A short while ago I saw a man, sitting on his own in the corner of the room with a thousand yard stare. His tea cup was empty on the table, his eyes were wet with tears and his phone was clutched in his hand.
I’m sure there’s not a single person in the country who isn’t in Christchurch right now.
I was just about to head out to lunch when I felt my office shudder. It was a sickening feeling, the first time I’ve felt an earthquake from several stories up. My first thought was “Yay! Dunedin’s turn!” but it only took a few seconds for me to realise that (a) it was almost definitely coming from Christchurch, and (b) it was bad. Within a minute or so reports started pouring in on Twitter, and they were terrifying.

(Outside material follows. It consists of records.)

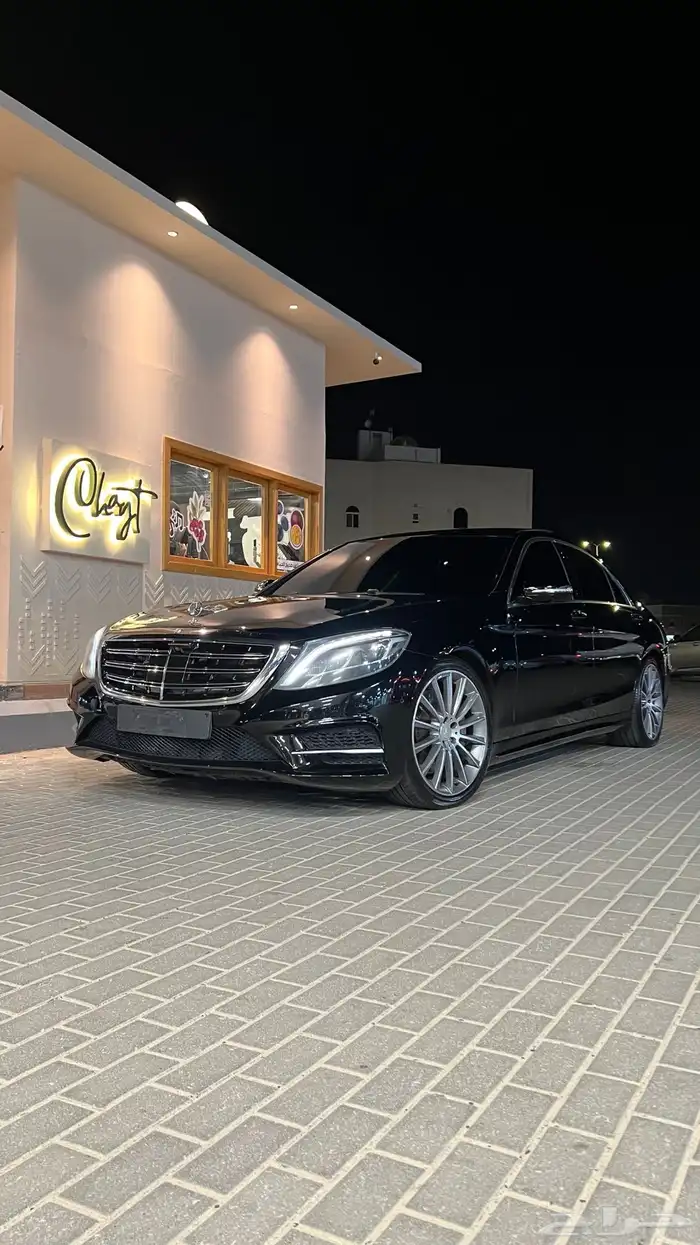 راجع علاني 0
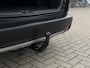 Peugeot 2008 1.2 PureTech Blue Lion Airco | NAVI | Apple carplay | Cruise Control | Dakrails | DAB | Parkeersensoren achter
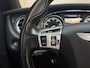 Bentley Continental GTC 6.0 W12 Speed - CARBON - NAIM - MASSAGE - AIRSCARF - STOELVENTILATIE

It’s 24 hours later. I spent most of that time trying to get through to people through text message, Facebook, Twitter and Email. Communications via Internet have been much more reliable than by phone. The phone systems were so congested that you couldn’t text someone from Dunedin to Dunedin, to say nothing of in Christchurch.
All of my friends who I’ve been able to make contact with are safe, some of them are homeless, and still some I have not been able to find. As I’m writing this the Hotel Grand Chancellor in Christchurch city center has slumped three meters in 10 minutes, and is likely to collapse entirely.
(2.49pm, I think I just felt another aftershock)
I’m trying to work out exactly what I can do that would be the most use. So far I’ve just been trying to co-ordinate and communicate with people, letting everyone know that people are safe when I find out they are. My friend Liam is on standby to go up and help with civil defense efforts (he works for DOC and is experienced dealing with forest fires and rescue work). He thinks I might be of some use up there for “strategy and tech problems”. I think, if I was sure I was able to help and not just be another useless liability, I would already be on my way up. My fear would be to go unprepared into a warzone, fuck something up, and just be another mouth that needs water and a place to sleep. That’s a decision I’ll have to make as I find out more about what I can do and what is needed.
In the meantime, I can help by offering anyone who wants to get the hell out of town a place to stay. If any of my friends want to stay for a few days in the most earthquake-safe city in the country, get in touch! I have a couch I can sleep on while you stay. We have power, running water, food and ground that stays, more or less, where it belongs.
Oh, one thing I’m sure you can do to help? Turn off the damned television. I admit I’ve been glued to the news websites and social media, but I can’t watch the TV coverage for more than a few minutes without it making me furious. Some of it has been good, but when they’re talking to survivors who made it out of collapsing buildings, why do you even ask a question like “how do you feel to know your workmates are still buried in there?”. Also, something about apologizing for the seventh time for the images you’re about to show, and then playing the same footage you’ve apologized for playing six times previously, starts to sound pretty fucking disingenuous.
So get the hell away from the TV. Do something else, anything else. Help, communicate, donate, work, hug someone, tell your parents you love them, anything but just sit like a zombie being fed by the screen.